Write back every entry exactly as it reads, with the pictures left behind.

+---+

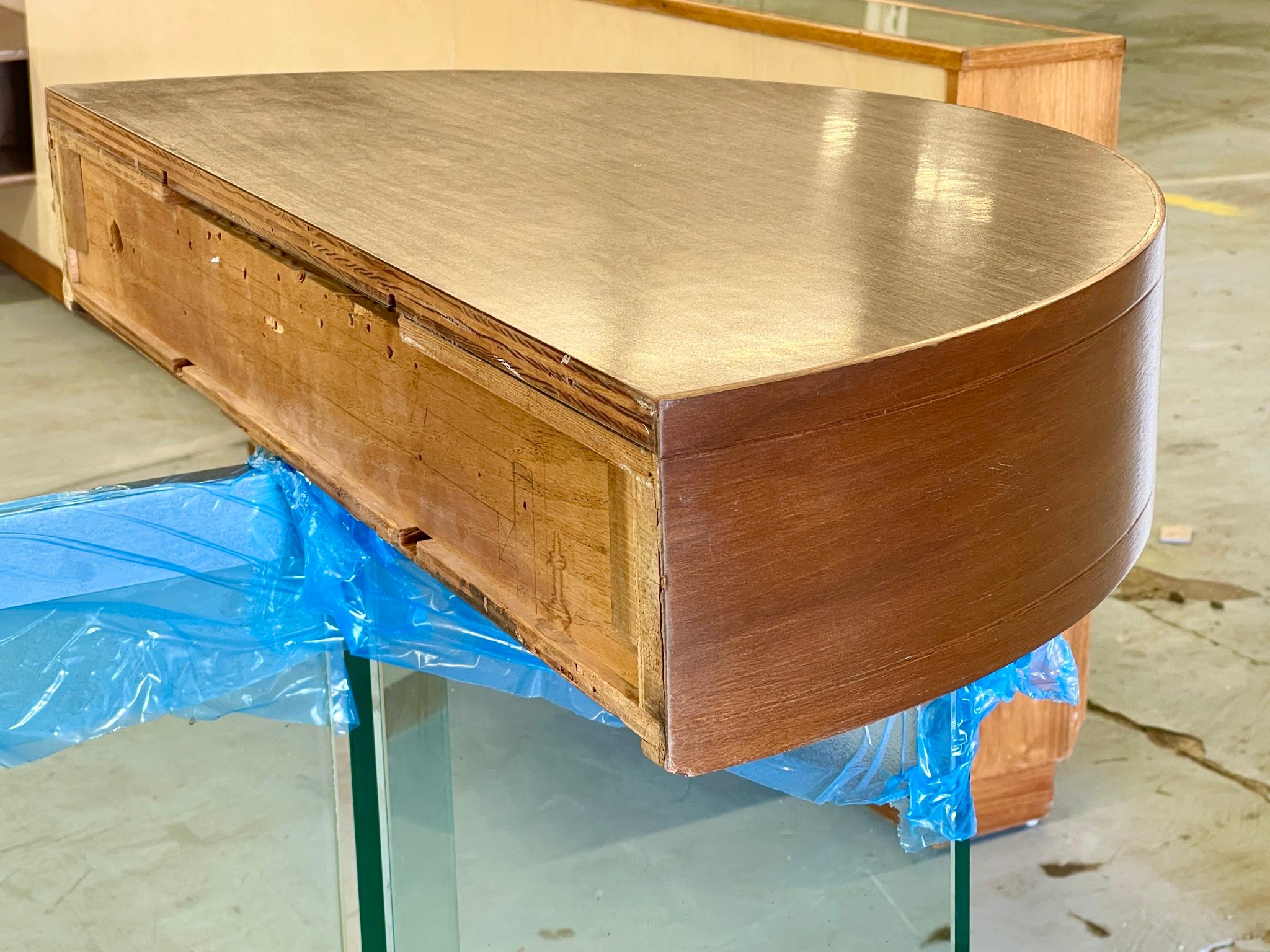 Laminate Hans Weiss Floating Demi-Lune Console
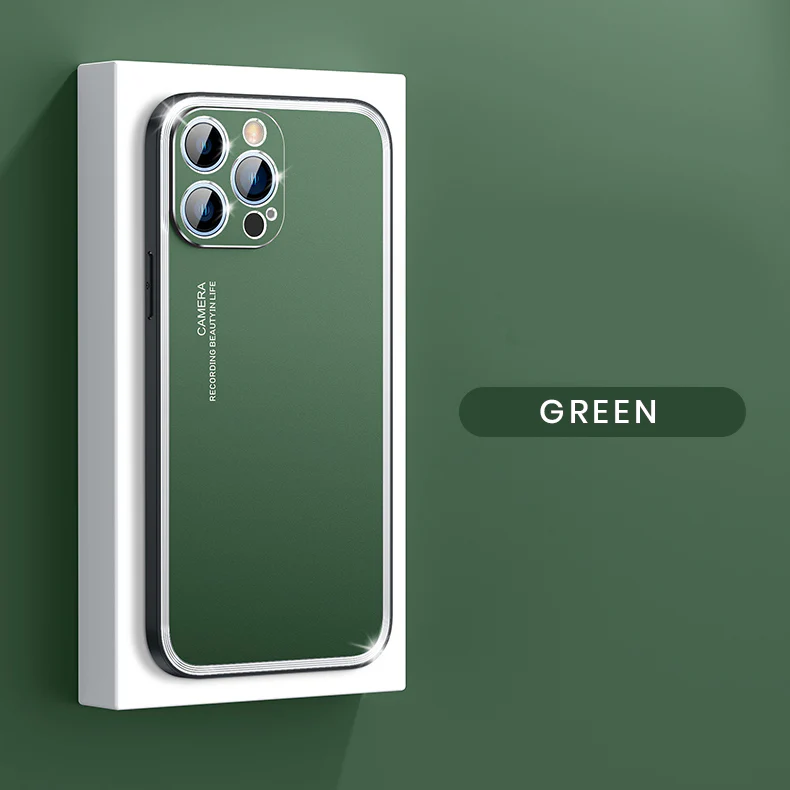 Upgraded Simple Metal Frosted iPhone Case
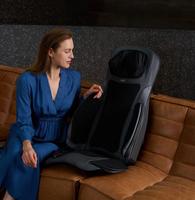 Coussin de massage Shiatsu électrique de style nouveau pour le dos et le corps avec contrôle de la minuterie, certifié CE ROHS FCC, garantie 1 an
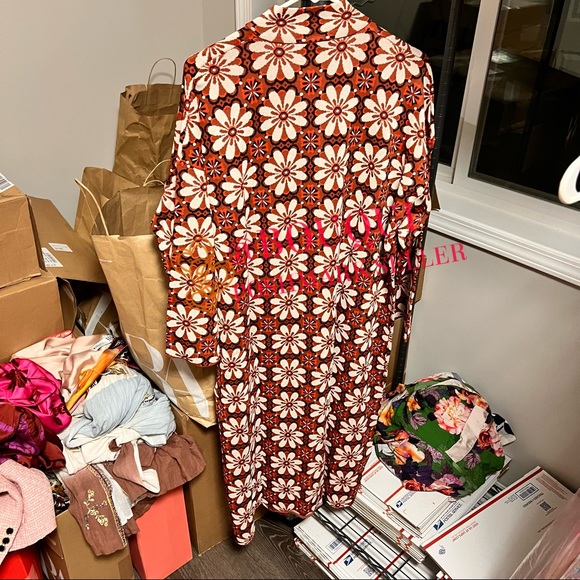 BLOGGERS FAV ZARA SPECIAL EDITION JACQUARD COAT CARDIGAN - Picture 3 of 9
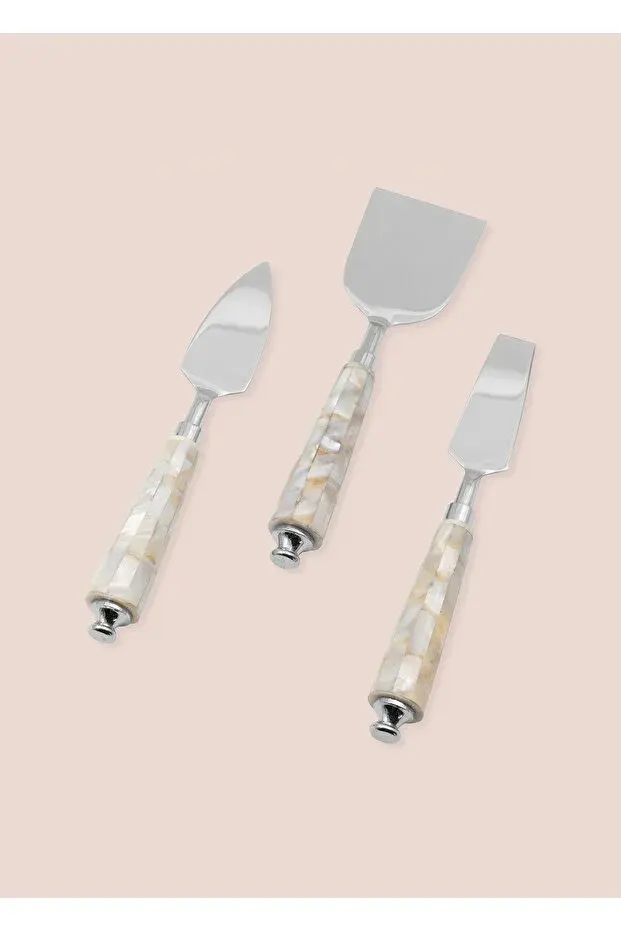 The Mia Pearl Peynir Servis Takımı 3 Parça
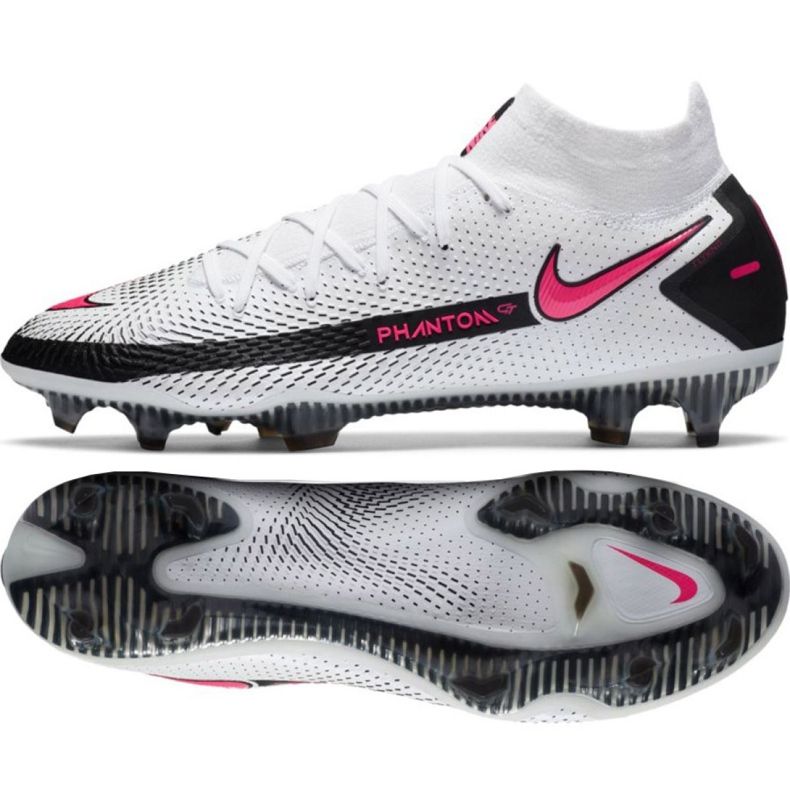 Botas de fútbol Nike Phantom Gt Elite Df Fg M CW6589-160 multicolor blanco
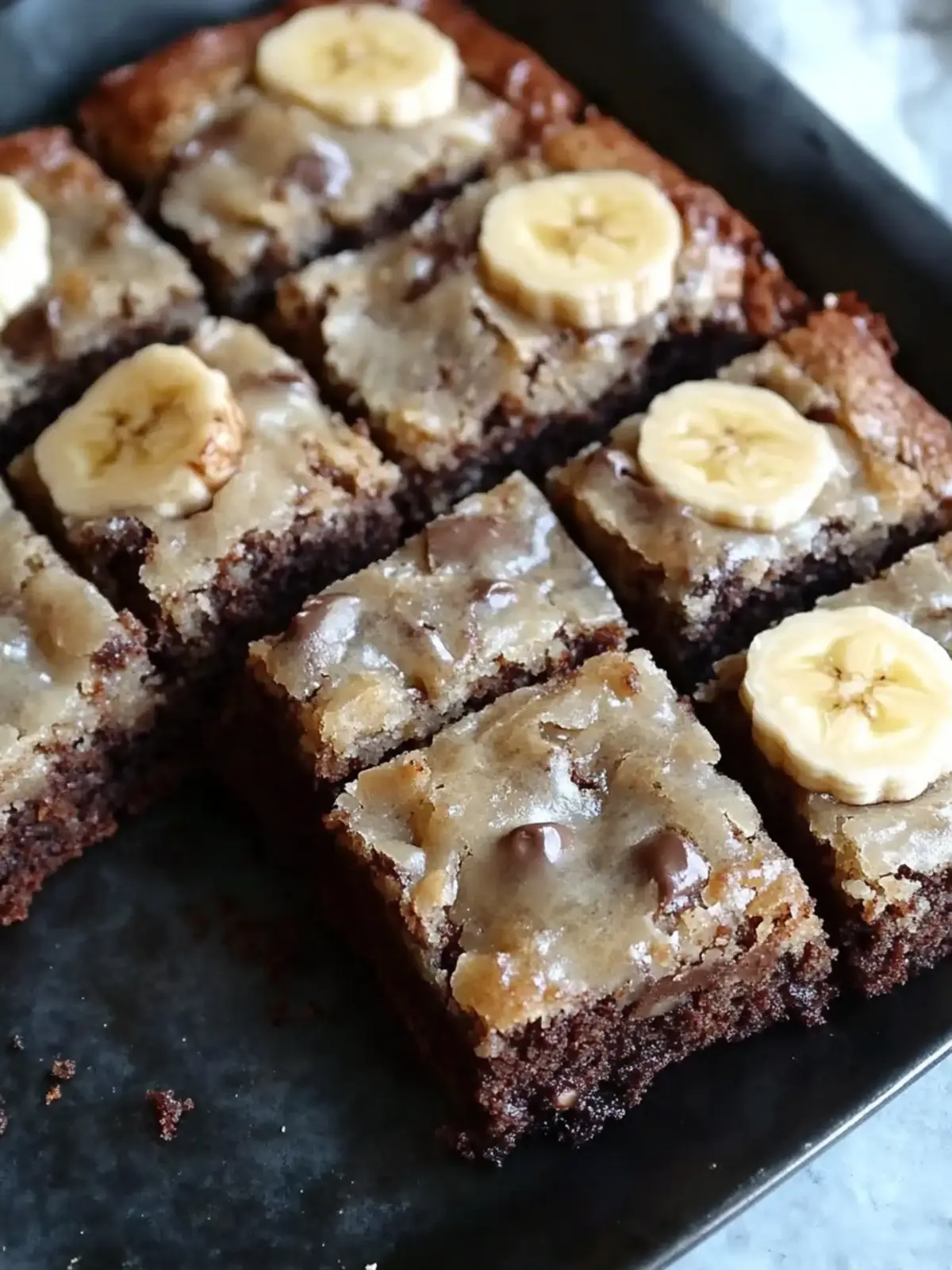 Mouthwatering Banana Bread Brownies with Brown Butter Bliss 4 Banana Bread Brownies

+---+

**Written answer**
 Laminate Hans Weiss Floating Demi-Lune Console
 Upgraded Simple Metal Frosted iPhone Case
 Coussin de massage Shiatsu électrique de style nouveau pour le dos et le corps avec contrôle de la minuterie, certifié CE ROHS FCC, garantie 1 an
 BLOGGERS FAV ZARA SPECIAL EDITION JACQUARD COAT CARDIGAN - Picture 3 of 9
 The Mia Pearl Peynir Servis Takımı 3 Parça
 Botas de fútbol Nike Phantom Gt Elite Df Fg M CW6589-160 multicolor blanco
 Mouthwatering Banana Bread Brownies with Brown Butter Bliss 4 Banana Bread Brownies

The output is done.